The Philippines President Rodrigo Duterte has suggested that his country may follow Russia in leaving the International Criminal Court. The court’s antagonism against poor and developing counties whilst ignoring the high crimes of countries like Britain, France and the US, has led many to view the court as little more than a failed forum for ultimately racist show trials.
During his speech Duterte said:
They are useless, those in the International Criminal Court. They (Russia) withdrew. I might follow. Why? Only the small ones like us are battered.
As a self-styled revolutionary leader of sorts and a fierce opponent of western global hegemony, it is unsurprising that Duterte associates himself with this narrative, a narrative that happens to be objectively correct.
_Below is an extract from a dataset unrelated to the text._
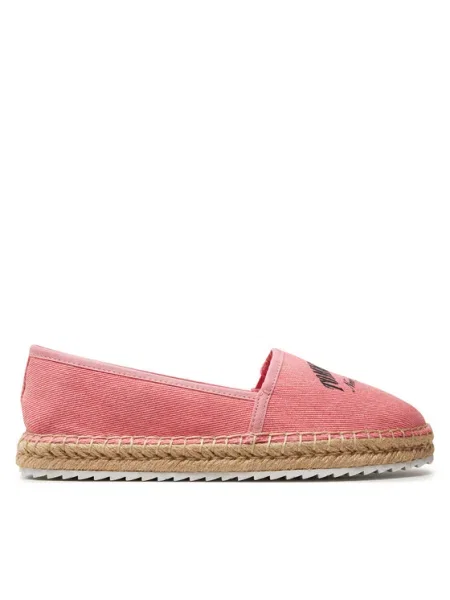 Espadrile Tommy Jeans roz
In the same statement, he claimed that if Russia and China form a new ‘world order’, more appropriately called a new bloc of fraternal nations (it already exists and is called the BRICS), Duterte may join.
His statement comes days after praising Donald Trump’s victory and calming that the Philippines will be prepared to continue close relations with the US under Trump.
This demonstrates that in a world where US policy is based on a business ethos and a respect for the sovereignty of states, it will not be a matter of choosing between a BRICS alliance and good relations with America.
The Philippines has a long standing post and neo-colonial relationship with the US, however, because of her geography, current political climate and economic needs, she is ultimately better suited to be a BRICS partner.
Whilst the western mainstream media are eager to portray Duterte as some sort of loose cannon, I do not doubt that he has the best interests of his people in mind and that his pivoting once deeply immovable Philippines policy toward the wider, multi-polar world will have reverberations across the region.
The only remaining question is what will happen first – the Philippines joining up with the BRICS or the ICC ceasing operations?